● Material for this task:

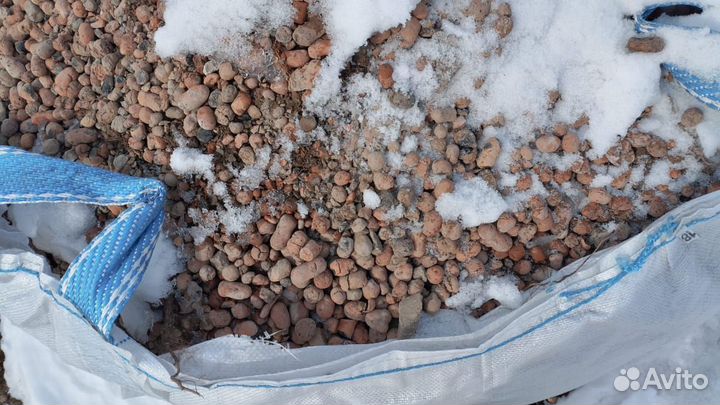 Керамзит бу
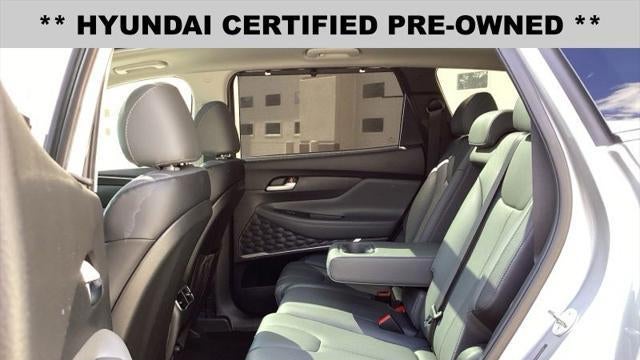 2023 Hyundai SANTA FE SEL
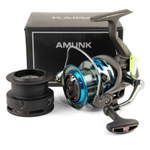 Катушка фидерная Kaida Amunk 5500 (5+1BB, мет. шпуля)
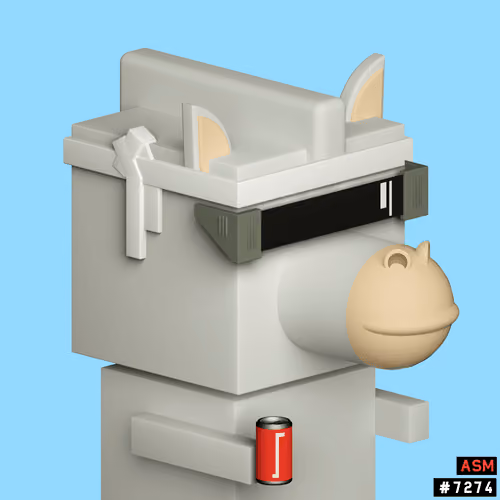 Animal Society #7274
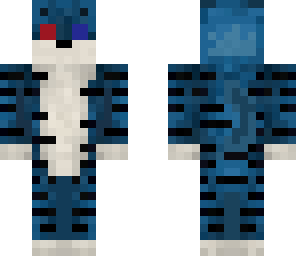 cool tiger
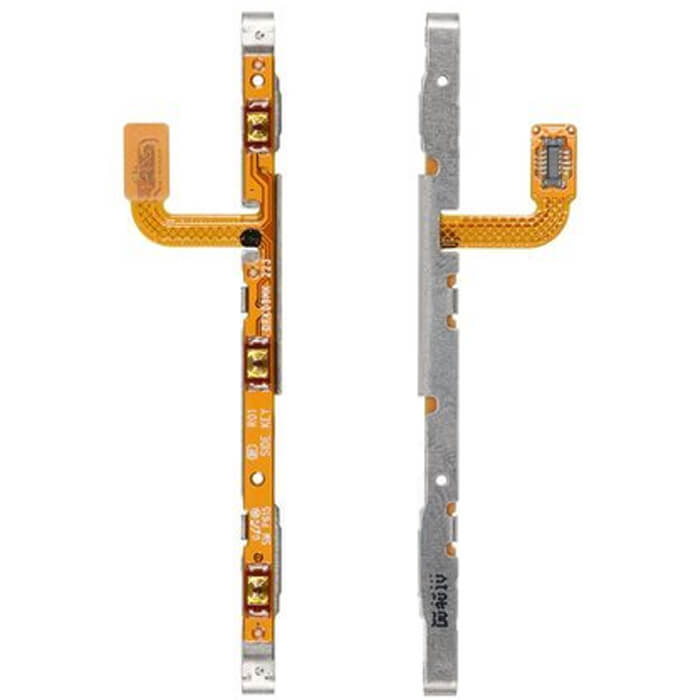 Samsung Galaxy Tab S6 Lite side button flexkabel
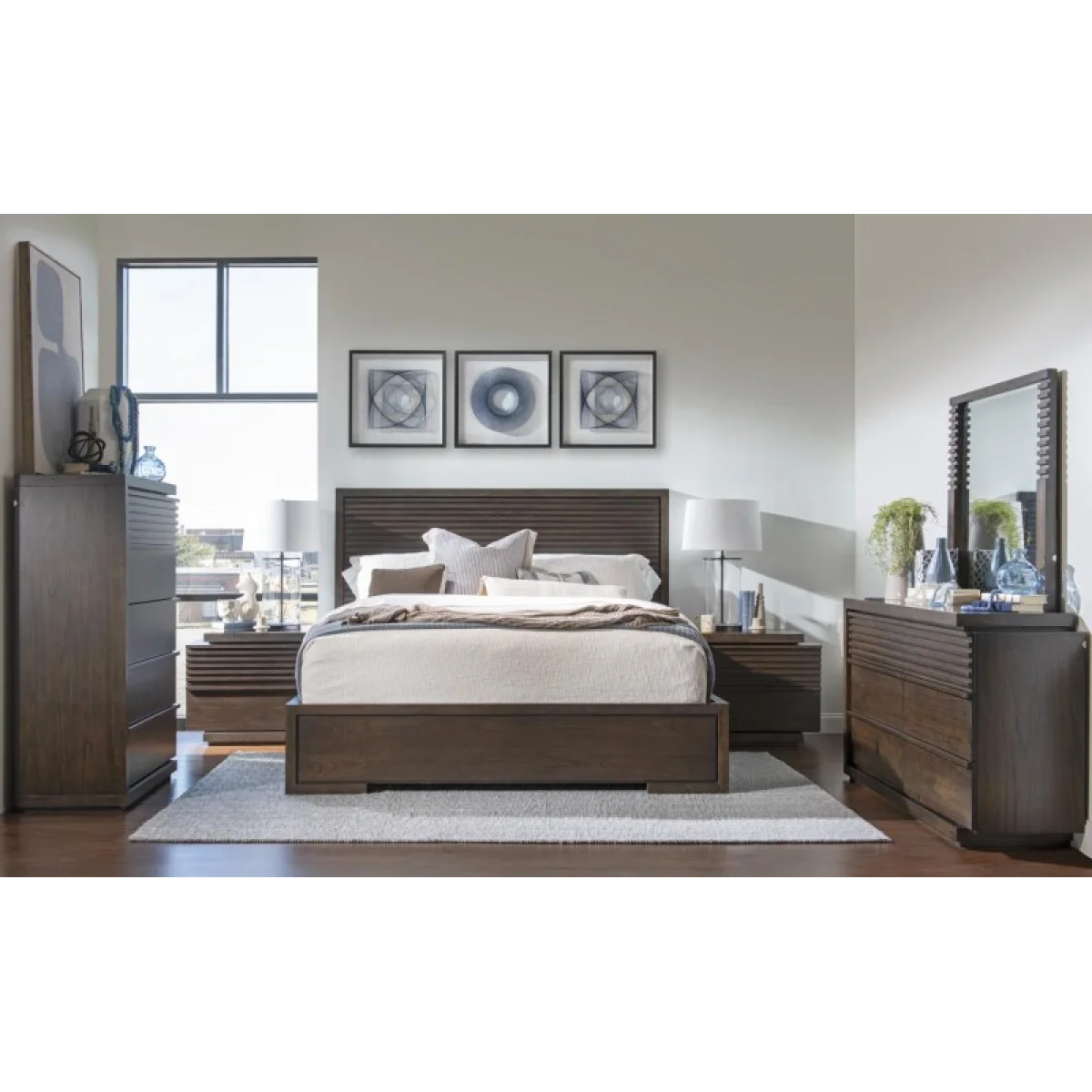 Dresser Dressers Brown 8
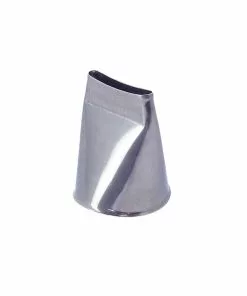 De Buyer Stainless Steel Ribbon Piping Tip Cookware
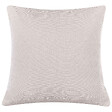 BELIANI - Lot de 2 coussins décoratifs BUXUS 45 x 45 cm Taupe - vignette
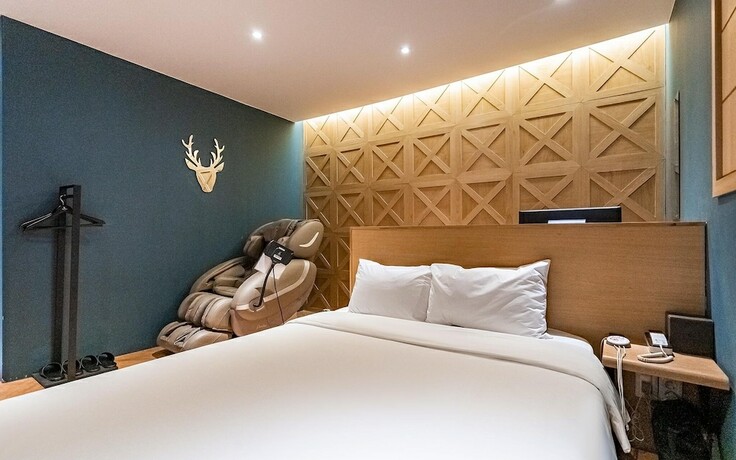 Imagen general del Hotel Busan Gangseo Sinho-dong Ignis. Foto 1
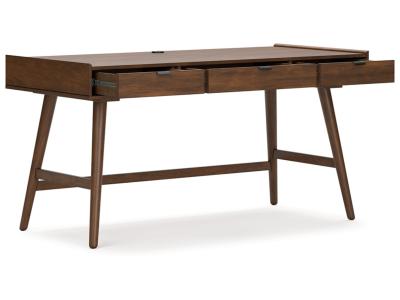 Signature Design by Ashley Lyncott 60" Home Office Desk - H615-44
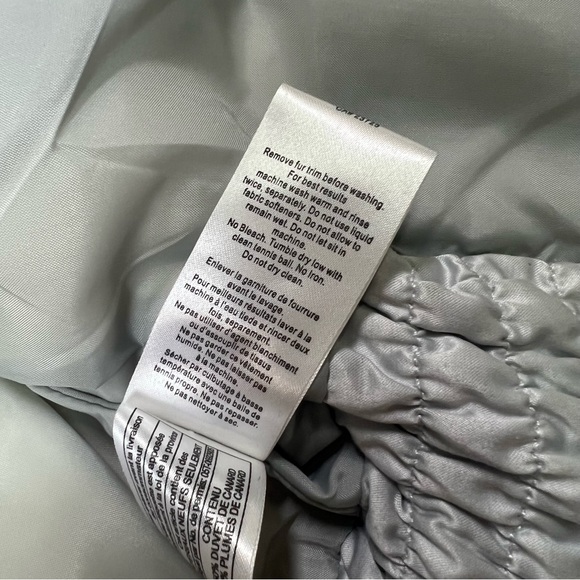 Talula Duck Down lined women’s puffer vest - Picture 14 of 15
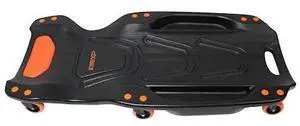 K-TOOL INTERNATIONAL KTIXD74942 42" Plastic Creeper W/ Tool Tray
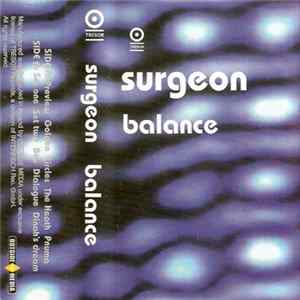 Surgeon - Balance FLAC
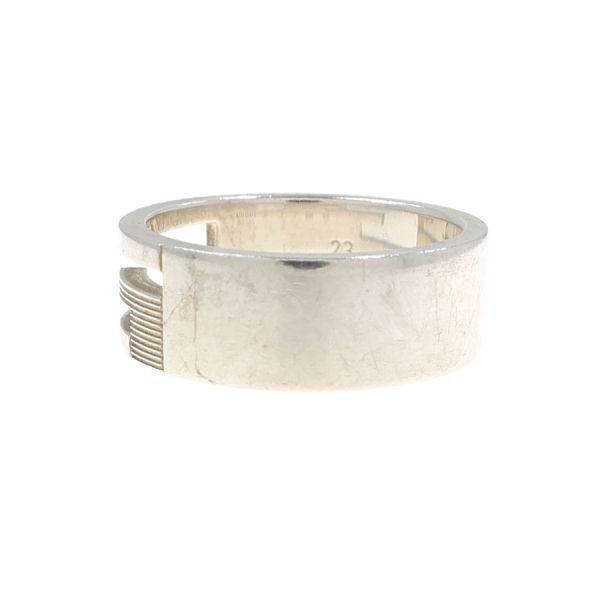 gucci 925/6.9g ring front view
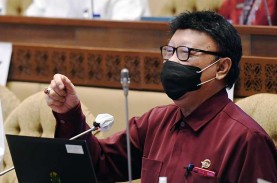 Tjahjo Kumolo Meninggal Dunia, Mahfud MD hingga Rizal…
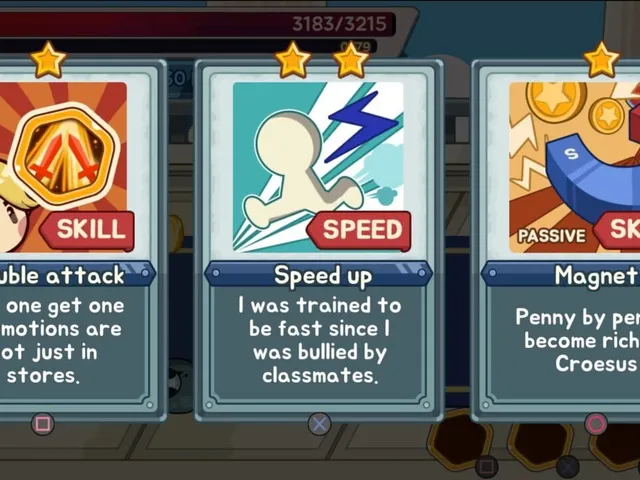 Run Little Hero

● Your instructions:
Without the pictures, retype the whole of the material above exactly.

● Finished task:
 Керамзит бу
 2023 Hyundai SANTA FE SEL
 Катушка фидерная Kaida Amunk 5500 (5+1BB, мет. шпуля)
 Animal Society #7274
 cool tiger
 Samsung Galaxy Tab S6 Lite side button flexkabel
 Dresser Dressers Brown 8
 De Buyer Stainless Steel Ribbon Piping Tip Cookware
 BELIANI - Lot de 2 coussins décoratifs BUXUS 45 x 45 cm Taupe - vignette
 Imagen general del Hotel Busan Gangseo Sinho-dong Ignis. Foto 1
 Signature Design by Ashley Lyncott 60" Home Office Desk - H615-44
 Talula Duck Down lined women’s puffer vest - Picture 14 of 15
 K-TOOL INTERNATIONAL KTIXD74942 42" Plastic Creeper W/ Tool Tray
 Surgeon - Balance FLAC
 gucci 925/6.9g ring front view
 Tjahjo Kumolo Meninggal Dunia, Mahfud MD hingga Rizal…
 Run Little Hero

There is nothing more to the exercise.